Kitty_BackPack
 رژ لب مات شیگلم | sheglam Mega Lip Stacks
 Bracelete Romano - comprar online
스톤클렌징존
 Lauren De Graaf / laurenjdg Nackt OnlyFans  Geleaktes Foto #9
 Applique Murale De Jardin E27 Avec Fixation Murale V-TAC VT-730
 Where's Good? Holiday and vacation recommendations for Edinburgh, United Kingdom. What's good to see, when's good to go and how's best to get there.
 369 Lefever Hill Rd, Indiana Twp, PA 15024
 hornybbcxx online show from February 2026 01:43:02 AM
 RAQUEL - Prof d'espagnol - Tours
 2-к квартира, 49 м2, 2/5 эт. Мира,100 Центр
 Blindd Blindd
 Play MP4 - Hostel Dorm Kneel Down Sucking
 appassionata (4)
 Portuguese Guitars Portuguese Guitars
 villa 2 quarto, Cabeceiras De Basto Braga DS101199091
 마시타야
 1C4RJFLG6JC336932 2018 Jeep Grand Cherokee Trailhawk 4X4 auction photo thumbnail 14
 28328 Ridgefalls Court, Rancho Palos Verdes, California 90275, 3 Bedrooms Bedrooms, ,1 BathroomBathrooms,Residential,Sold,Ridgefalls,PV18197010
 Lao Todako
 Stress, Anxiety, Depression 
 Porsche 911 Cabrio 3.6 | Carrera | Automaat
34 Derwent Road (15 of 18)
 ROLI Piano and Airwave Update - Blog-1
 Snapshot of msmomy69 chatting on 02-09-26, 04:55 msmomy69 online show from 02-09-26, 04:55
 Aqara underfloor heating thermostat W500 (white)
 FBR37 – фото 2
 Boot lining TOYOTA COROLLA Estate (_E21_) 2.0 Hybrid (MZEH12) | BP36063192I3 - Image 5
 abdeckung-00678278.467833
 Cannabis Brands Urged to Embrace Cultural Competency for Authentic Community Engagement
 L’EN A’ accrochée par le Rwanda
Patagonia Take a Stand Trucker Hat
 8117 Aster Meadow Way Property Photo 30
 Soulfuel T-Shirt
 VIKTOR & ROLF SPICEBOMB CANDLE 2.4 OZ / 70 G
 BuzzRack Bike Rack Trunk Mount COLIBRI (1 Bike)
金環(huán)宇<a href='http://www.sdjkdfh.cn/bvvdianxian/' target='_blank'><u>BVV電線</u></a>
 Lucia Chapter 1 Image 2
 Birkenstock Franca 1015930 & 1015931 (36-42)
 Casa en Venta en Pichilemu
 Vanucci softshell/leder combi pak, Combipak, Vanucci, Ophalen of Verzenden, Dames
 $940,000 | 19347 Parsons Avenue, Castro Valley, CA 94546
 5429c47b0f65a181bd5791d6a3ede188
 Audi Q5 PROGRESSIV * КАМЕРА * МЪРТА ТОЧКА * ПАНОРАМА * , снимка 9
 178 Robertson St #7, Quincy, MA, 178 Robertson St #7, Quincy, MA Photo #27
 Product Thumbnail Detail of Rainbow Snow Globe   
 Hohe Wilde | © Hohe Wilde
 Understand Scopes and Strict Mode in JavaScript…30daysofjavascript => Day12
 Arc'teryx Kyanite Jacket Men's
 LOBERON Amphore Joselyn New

| DIRECTIONS |
Pick out every line above that holds the word "show" and copy it.

| OUTPUT OF THE TASK |
 hornybbcxx online show from February 2026 01:43:02 AM
 Snapshot of msmomy69 chatting on 02-09-26, 04:55 msmomy69 online show from 02-09-26, 04:55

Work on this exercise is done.